お好み焼きを説明する、この難しさにどうしたらいいのかわからなくなったからだ。
「えっと、小麦粉と好きな食べ物を混ぜて焼いた…もの?」
我ながらざっくりした説明である。
「食べ物!好きなものならなんでも入れていいのですか?」
悪魔は両手を広げながらぴょんぴょんと跳ね始める。
相変わらず食い意地の張ったやつである。
「あんた、好きな食べ物なんかあるの?」
「呪いま」
「好きなら名前を覚えなさい」
そろそろ、生産者に怒られる気がしてきているその呼び方を嗜める。
変に気を使わせる悪魔め。
「そういえばこっちの食べ物で栄養取れるの?」
私は悪魔の食事に明るいわけではないが、よく海外に行くと食が合わないという話を聞く。
同じ地球でも起こるのだ。
次元の壁を越えている悪魔が栄養を取れているか、心配になる。
「大丈夫です、ご飯で栄養は取ってませんから」
一食で2合半のコメを消費しているヤツの口から出たとは思えない発言にくらくらする。
思わず「悪魔 退治方法」を検索しかける指を止めた。
6秒で怒りは消える、6秒で怒りは消える、6秒で…よし、消えた。
「それならなんでいつもいつもご飯食べてるのよ」
ウチのコメを毎日大量消費をしおってからに。
「ご飯は食べると幸せな気持ちになりますから」
一切の悪意を感じられない笑顔に、本当に悪魔か?と疑問を持つ。
「そうは言っても納豆だけだとバランス悪いよ。

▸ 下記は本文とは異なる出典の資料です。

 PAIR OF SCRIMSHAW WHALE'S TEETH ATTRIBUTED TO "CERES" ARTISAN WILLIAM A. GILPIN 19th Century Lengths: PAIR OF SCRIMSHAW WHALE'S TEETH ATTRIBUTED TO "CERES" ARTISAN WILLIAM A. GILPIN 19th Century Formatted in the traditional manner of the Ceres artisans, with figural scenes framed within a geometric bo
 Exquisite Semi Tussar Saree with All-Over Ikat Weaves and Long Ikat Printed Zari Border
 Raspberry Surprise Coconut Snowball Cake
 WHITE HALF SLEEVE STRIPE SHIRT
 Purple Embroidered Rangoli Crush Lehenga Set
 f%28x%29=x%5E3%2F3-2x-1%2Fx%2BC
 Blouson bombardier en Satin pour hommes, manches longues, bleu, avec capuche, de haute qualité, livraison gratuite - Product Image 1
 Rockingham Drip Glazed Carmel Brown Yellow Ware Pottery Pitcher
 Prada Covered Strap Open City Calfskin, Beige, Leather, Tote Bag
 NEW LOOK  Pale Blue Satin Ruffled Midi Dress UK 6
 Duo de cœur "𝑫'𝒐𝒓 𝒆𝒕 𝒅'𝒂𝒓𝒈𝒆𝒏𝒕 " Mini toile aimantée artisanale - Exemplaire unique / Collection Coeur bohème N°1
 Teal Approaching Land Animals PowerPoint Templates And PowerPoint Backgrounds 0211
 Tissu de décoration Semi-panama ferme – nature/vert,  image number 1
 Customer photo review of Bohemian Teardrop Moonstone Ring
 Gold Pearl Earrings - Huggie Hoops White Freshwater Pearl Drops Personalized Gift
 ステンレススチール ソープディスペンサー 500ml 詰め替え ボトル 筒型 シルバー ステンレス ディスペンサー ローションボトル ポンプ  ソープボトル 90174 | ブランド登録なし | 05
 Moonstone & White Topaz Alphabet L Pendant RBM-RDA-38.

お肉もお魚も野菜も食べないと」
「あー、お肉好きです」
悪魔はまたぴょんぴょん跳ねながら手を広げる。
「お肉って何が好きなの?」
「えっと、豚と、牛…あと鶏?」
意外と普通にスーパーに並んでいるセレクトで肩透かしを食らう。
「てっきり、ヤギとか羊とかいうかと思った。ほら、悪魔に捧げられてそうだし」
映画などで悪魔を呼び出すときにそのような動物を使っているのを見たことがある。
悪魔は目をじっと見て
「ニンゲン…ヤギとか羊とか食べたら、共食いっぽく見えませんか」
…それな。
ウチには悪魔が居る。
自分の見た目をしっかりと理解して居る、悪魔が。